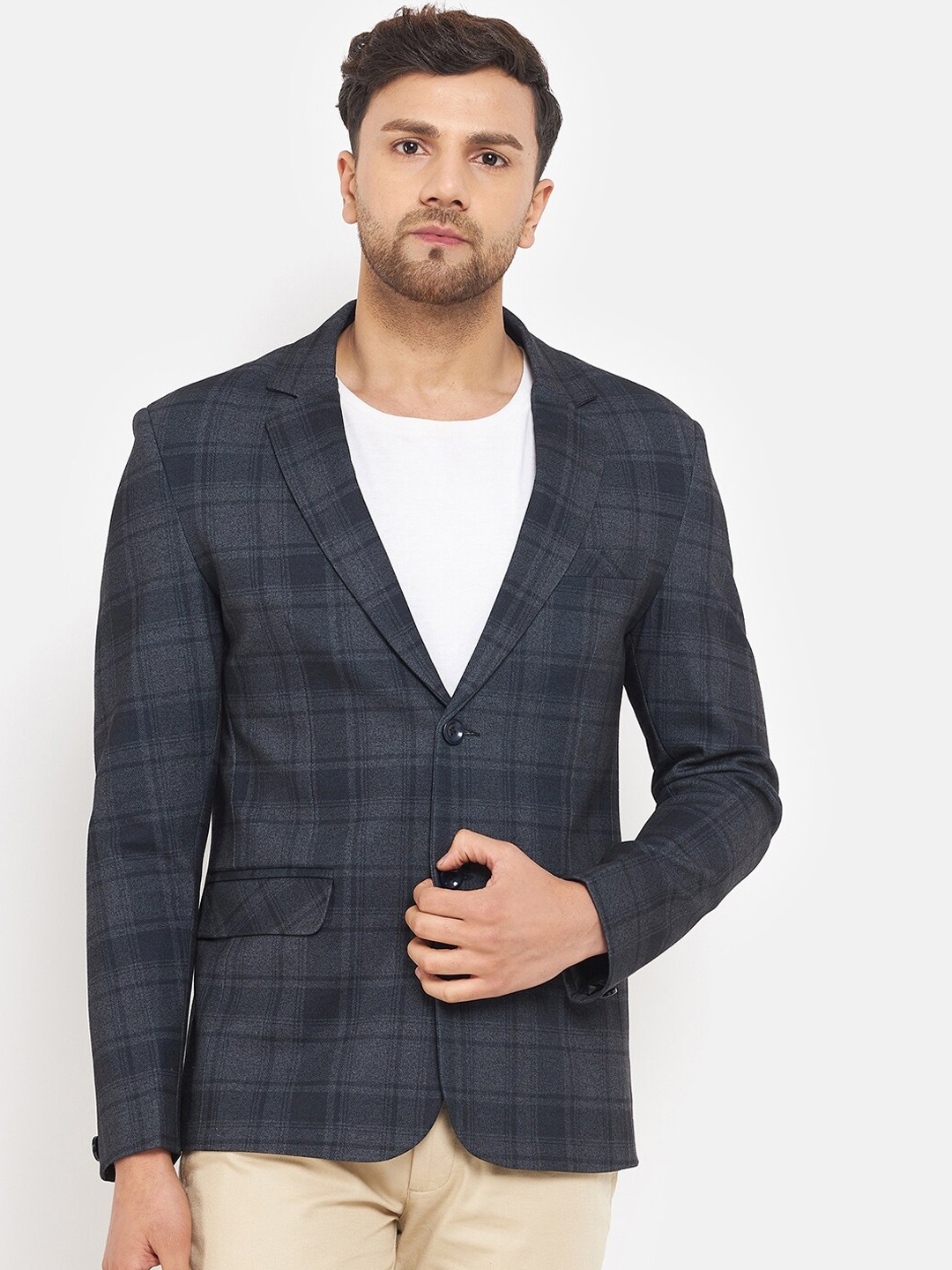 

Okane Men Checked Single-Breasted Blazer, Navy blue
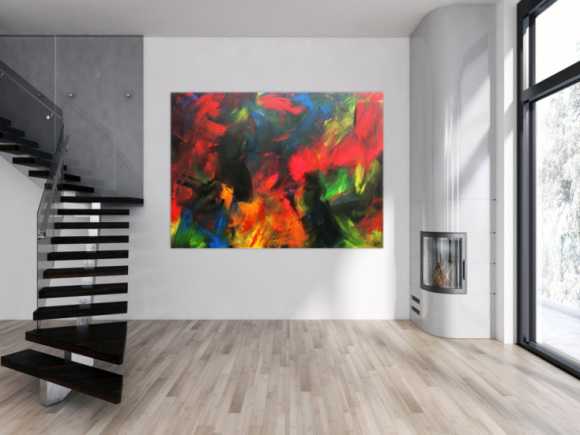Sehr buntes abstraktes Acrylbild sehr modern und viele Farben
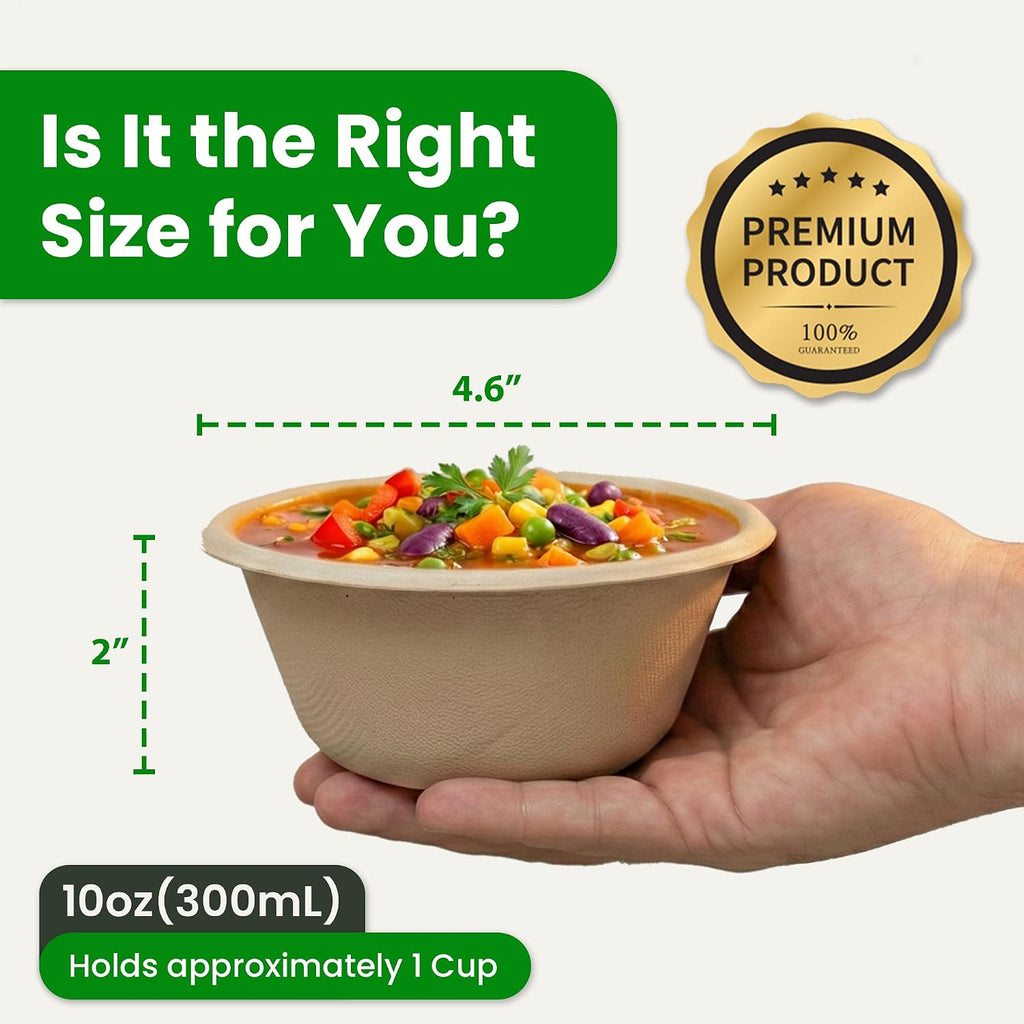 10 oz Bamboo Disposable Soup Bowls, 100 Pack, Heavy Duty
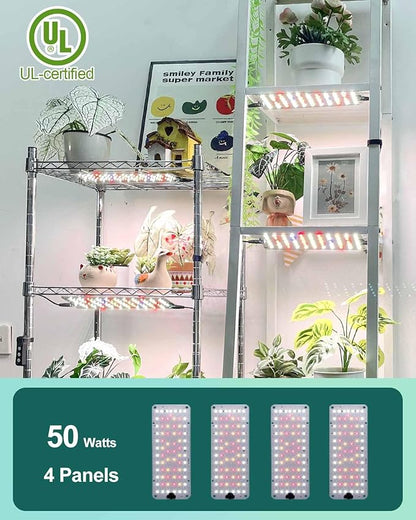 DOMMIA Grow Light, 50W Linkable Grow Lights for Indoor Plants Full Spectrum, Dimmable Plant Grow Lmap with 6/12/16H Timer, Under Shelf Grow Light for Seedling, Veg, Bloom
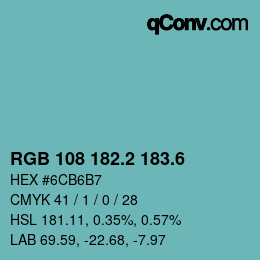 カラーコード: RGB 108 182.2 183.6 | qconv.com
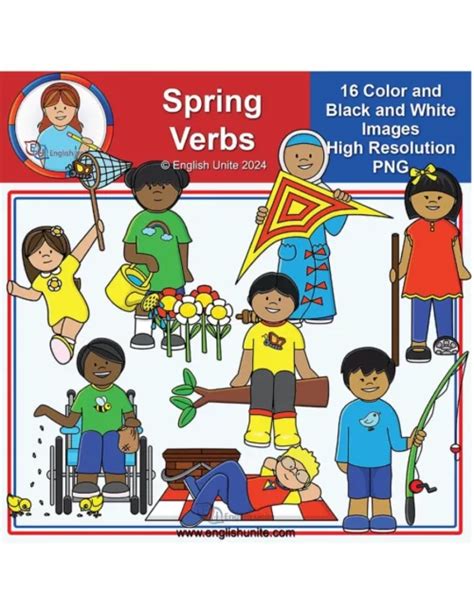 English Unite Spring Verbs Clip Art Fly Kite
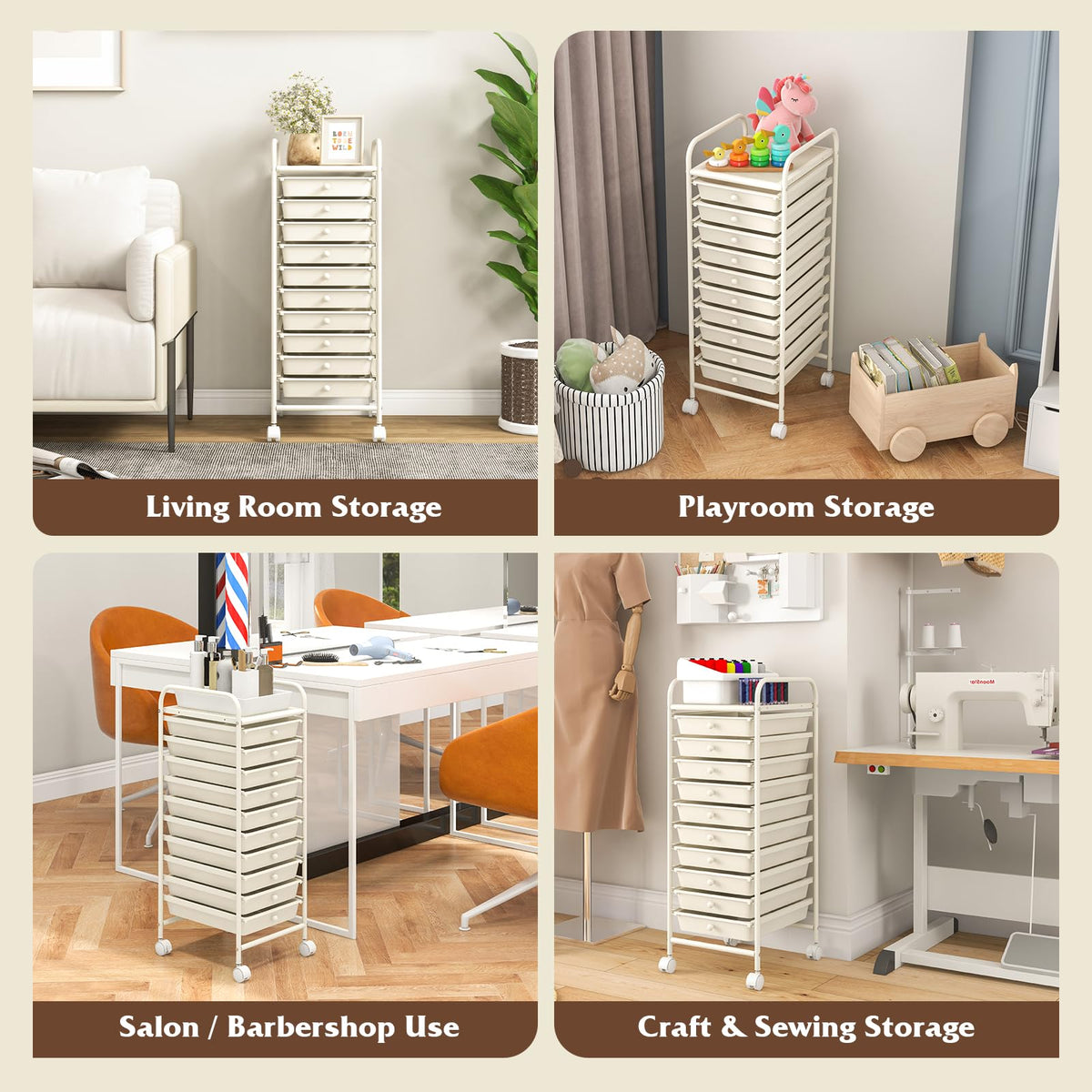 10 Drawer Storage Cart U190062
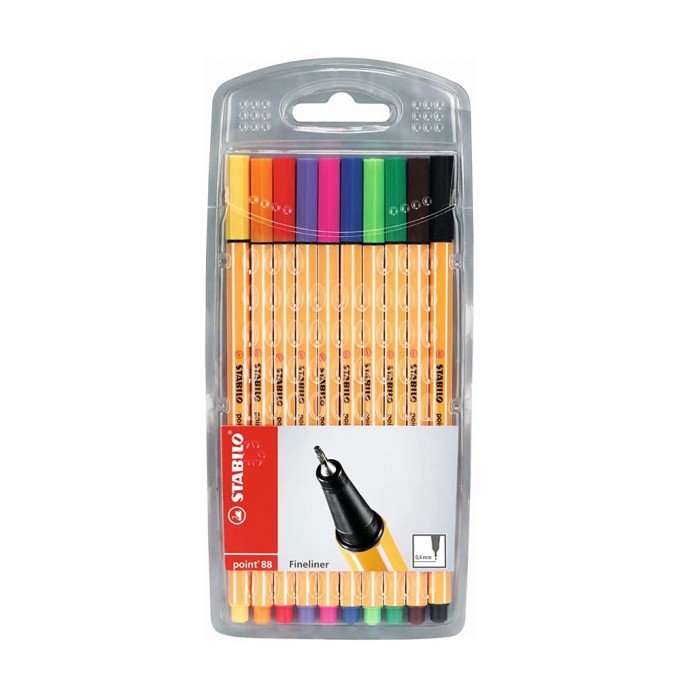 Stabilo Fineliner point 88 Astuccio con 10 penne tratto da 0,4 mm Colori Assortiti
:::
**Try it**
Pictures are not part of the answer. Restate word for word the lines from the one with "カラーコード: RGB 108 182.2 183.6 | qconv.com" through the last line of the records.

**Answer to this exercise**
 カラーコード: RGB 108 182.2 183.6 | qconv.com
 English Unite Spring Verbs Clip Art Fly Kite
 10 Drawer Storage Cart U190062
 Stabilo Fineliner point 88 Astuccio con 10 penne tratto da 0,4 mm Colori Assortiti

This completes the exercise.